Apex High School junior Jason Lockamy can remember going to a professional football game only once before – and that was a preseason game, when he was much younger.
And even though he lives within 40 minutes or so of three major universities, Lockamy has never been to a college football game either.
But on Sunday, Lockamy didn’t just attend the Carolina Panthers game. He was on the field.
Lockamy was one of 10 high school students from North Carolina, South Carolina and Georgia honored at halftime by the Panthers as a Community Captain for academic achievement and community service.
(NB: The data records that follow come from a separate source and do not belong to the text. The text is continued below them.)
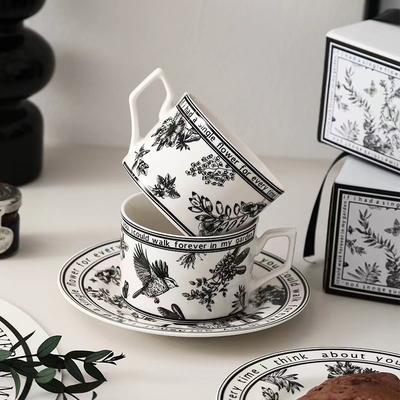 Ajoutez une touche de couleur à vos cadeaux avec ce set de tasses et assiettes de style français rétro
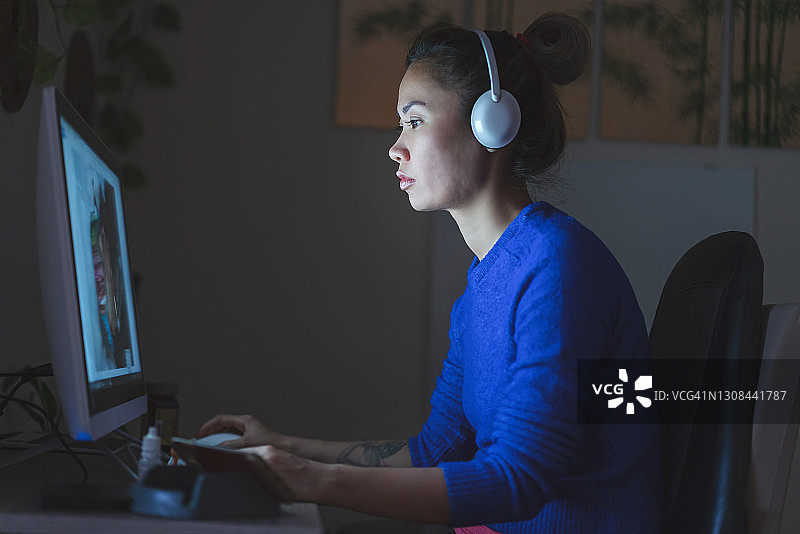 在家工作到深夜图片素材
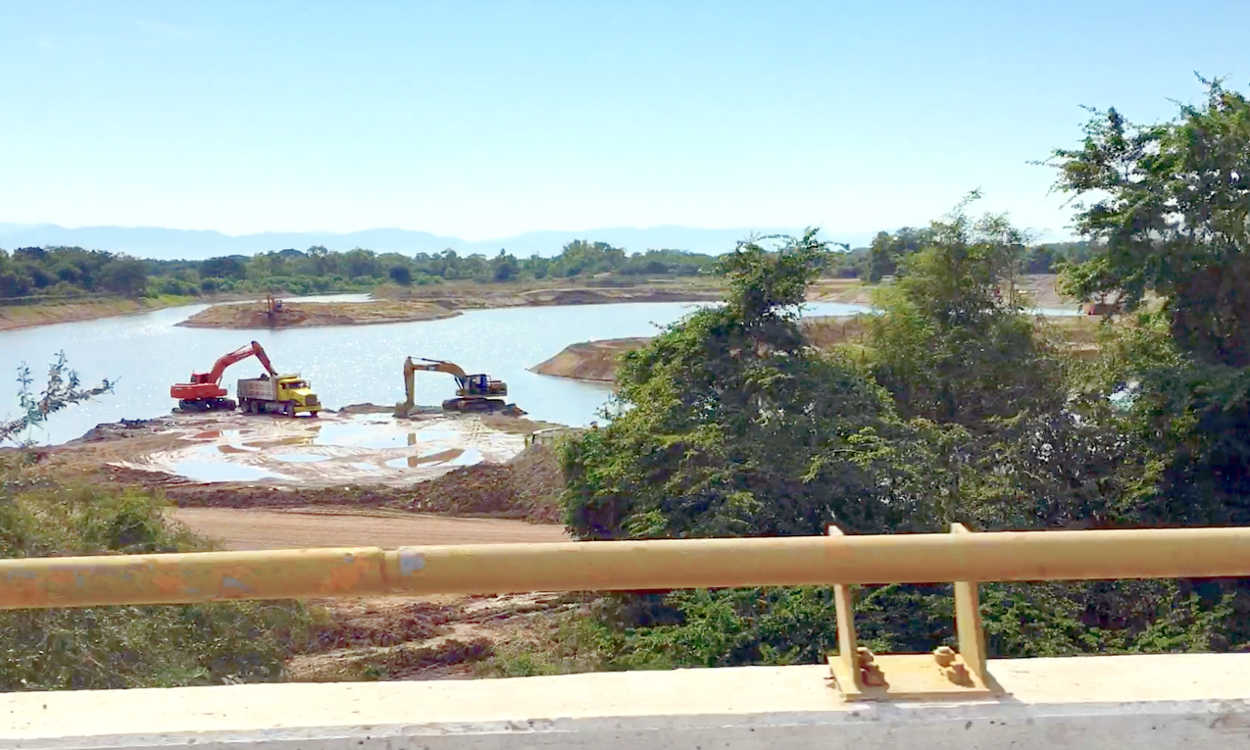 A lot of dredging is occuring in the area next to the Highway 200 bridge over the Ameca River.  Not sure what the area will become, but it is part of The Park.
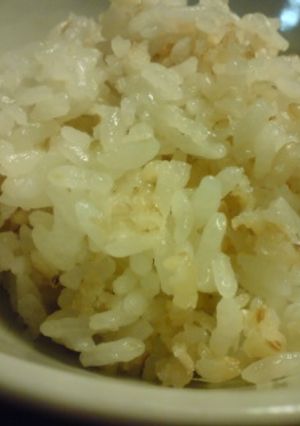 楽チンにヘルシー♪煎り玄米入り香ばしご飯-レシピのメイン写真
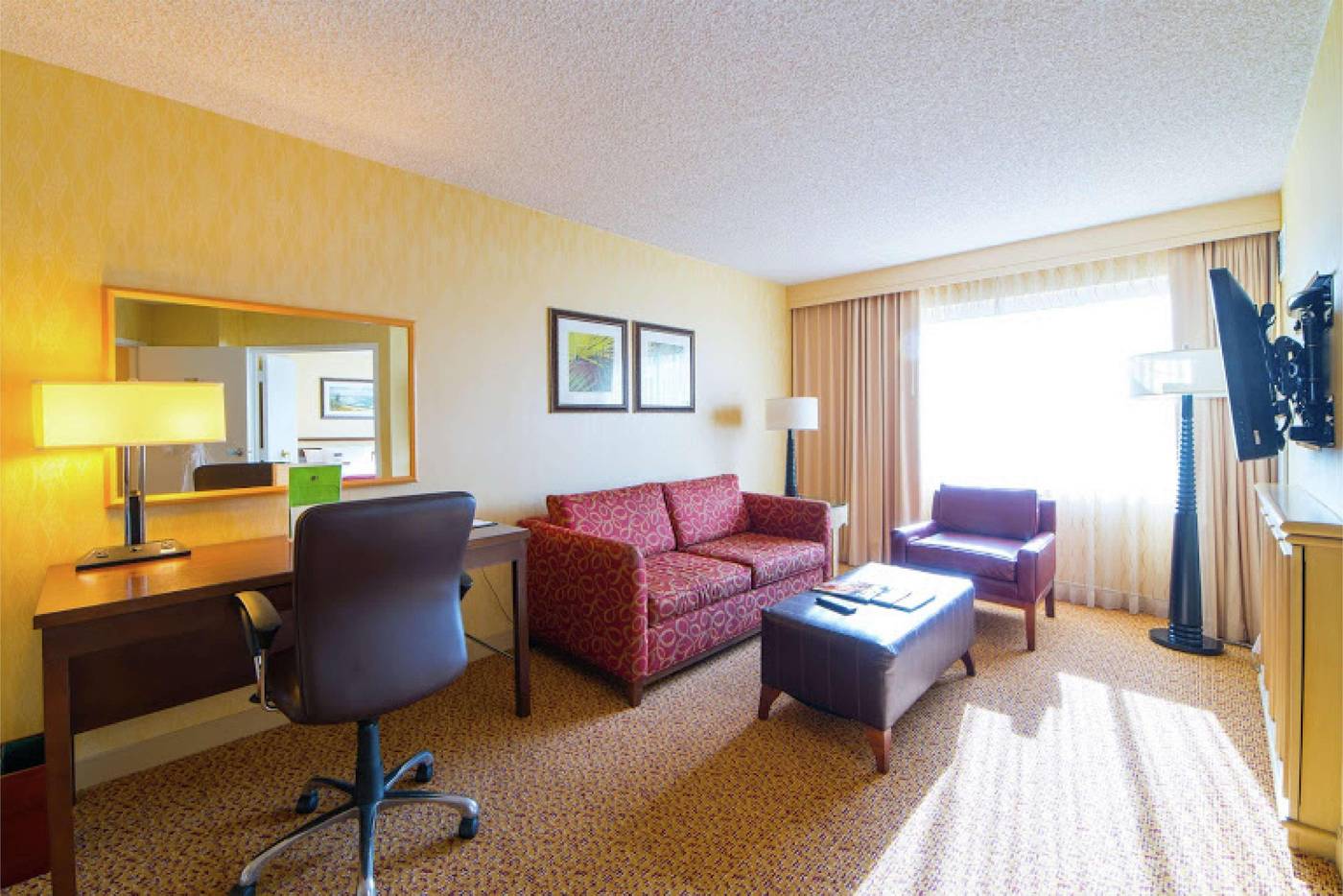 Hilton-Santa-Monica-Hotel---Suites-Room-39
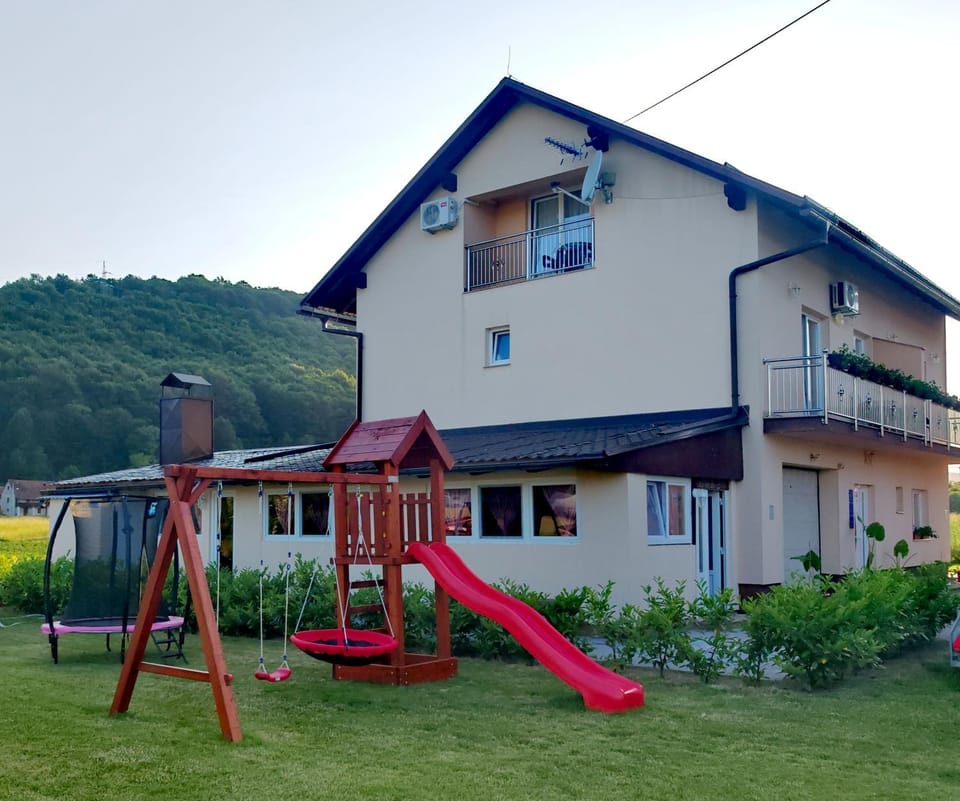 Property building, Day, Natural landscape, Children play ground, Evening entertainment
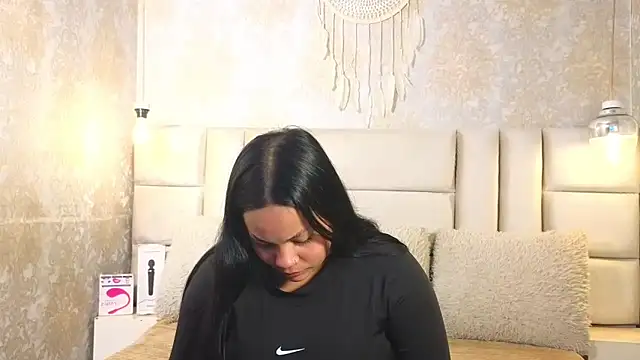 EmilyQueen3x online show from May 2026 02:29:01 PM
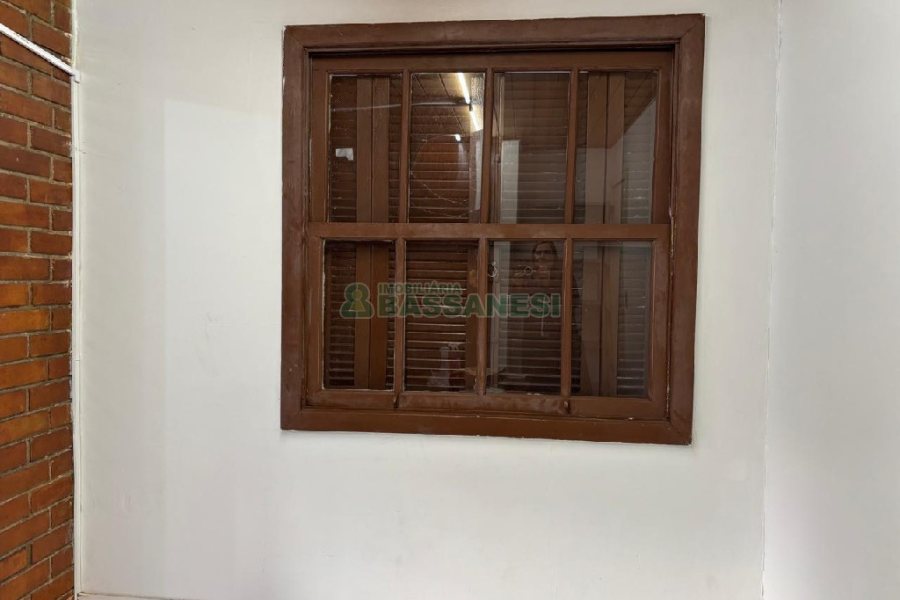 Loja com 35m², no bairro Centro em Caxias do Sul para Alugar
“He has a strong desire to be successful at everything he does,” said former Apex football coach Bob Wolfe, who coached Lockamy for two years and was named the High School Coach of the Year by the Panthers in 2003. “It’s a really great experience. I really appreciate the NFL doing these type of programs for high school athletes and coaches.”
For two years, Lockamy has served as North Carolina’s student ambassador for Shoes for Liberia, which collects shoes for those in need. He was recently honored as the program’s national student ambassador of the year.
Lockamy’s mother, Catherine Woyee-Jones, emigrated from Liberia during the country’s civil war to go to college at North Carolina Central University.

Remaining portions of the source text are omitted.